### Activity
Can you transcribe the data exactly? Leave the pictures out.

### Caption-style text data
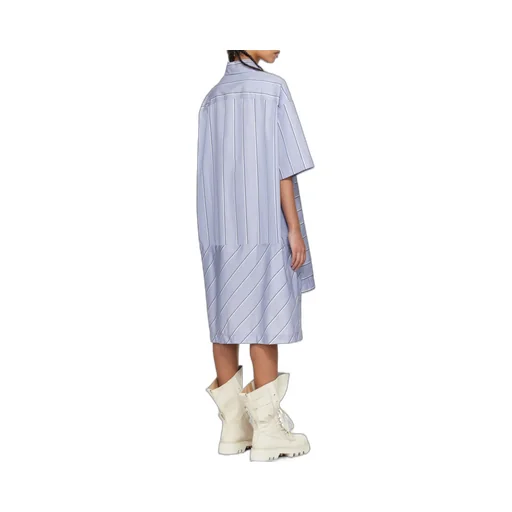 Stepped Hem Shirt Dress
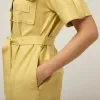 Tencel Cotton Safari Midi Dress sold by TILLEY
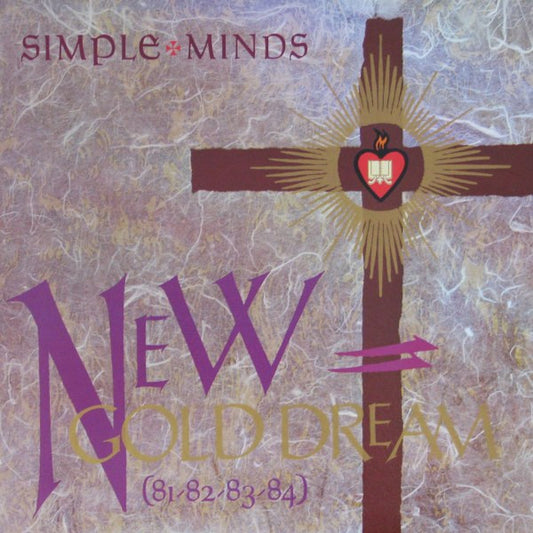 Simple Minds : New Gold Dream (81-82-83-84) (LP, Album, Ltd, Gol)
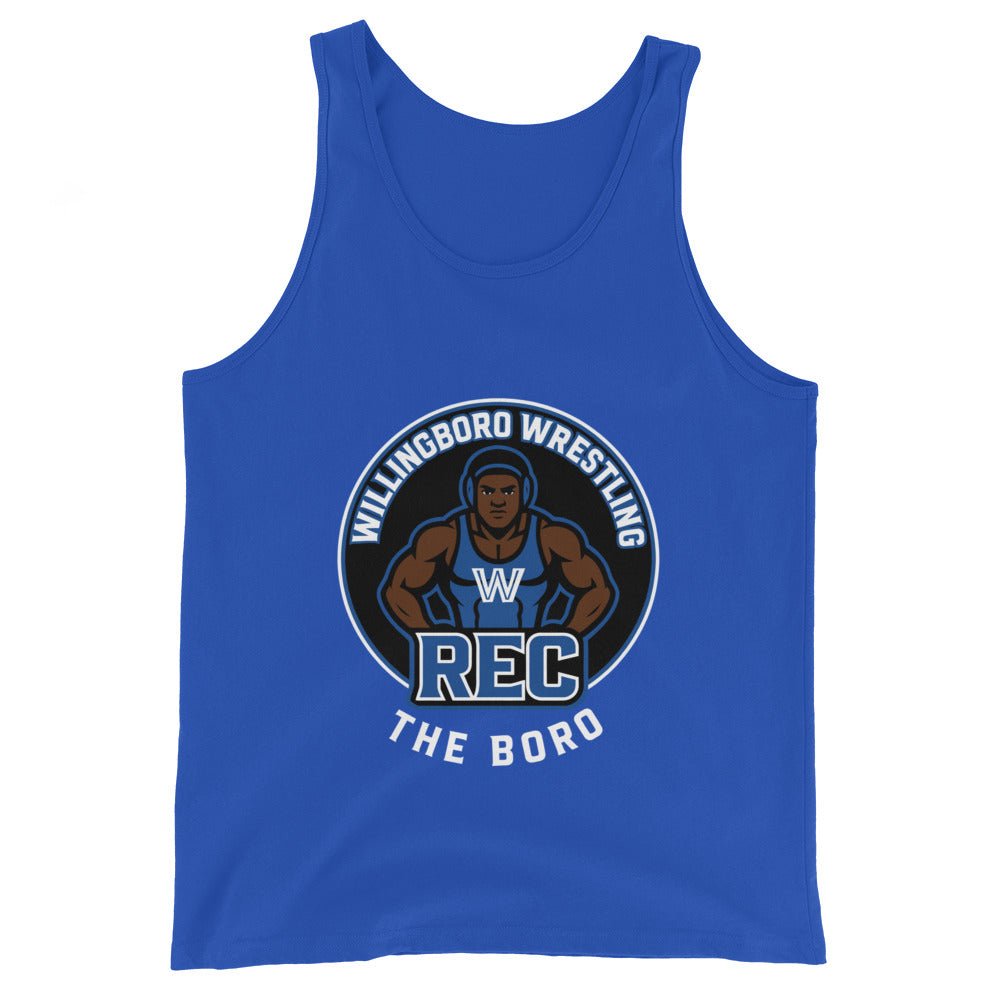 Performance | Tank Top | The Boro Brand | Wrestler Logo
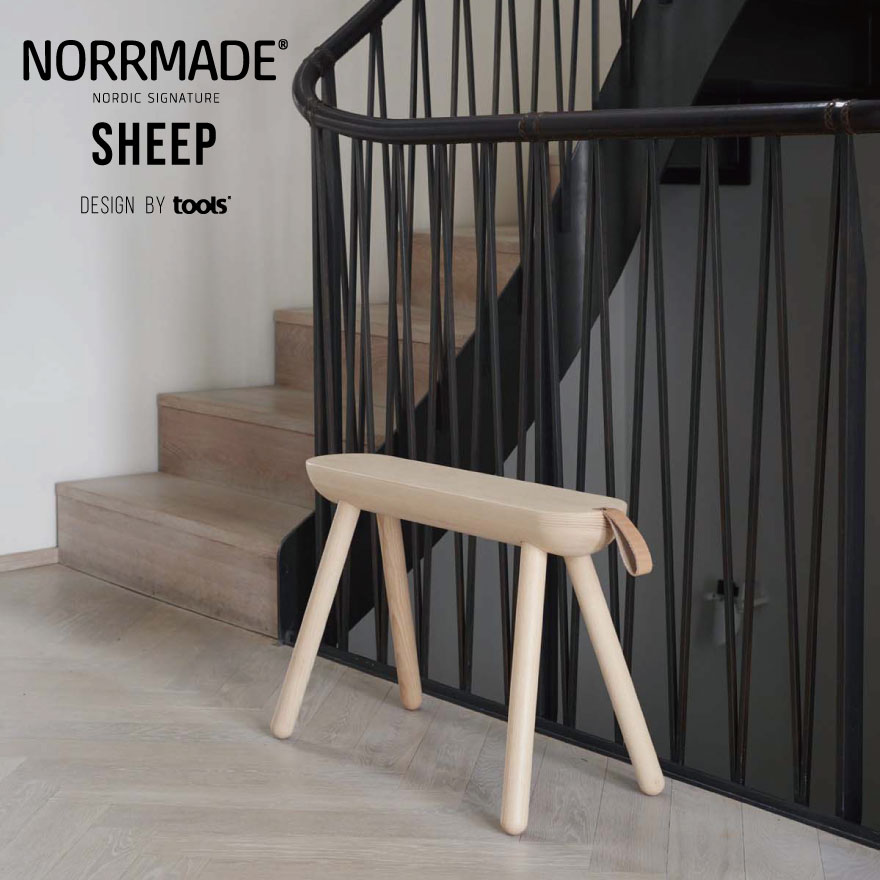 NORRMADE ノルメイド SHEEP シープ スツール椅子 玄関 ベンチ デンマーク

### Your solution
 Stepped Hem Shirt Dress
 Tencel Cotton Safari Midi Dress sold by TILLEY
 Simple Minds : New Gold Dream (81-82-83-84) (LP, Album, Ltd, Gol)
 Performance | Tank Top | The Boro Brand | Wrestler Logo
 NORRMADE ノルメイド SHEEP シープ スツール椅子 玄関 ベンチ デンマーク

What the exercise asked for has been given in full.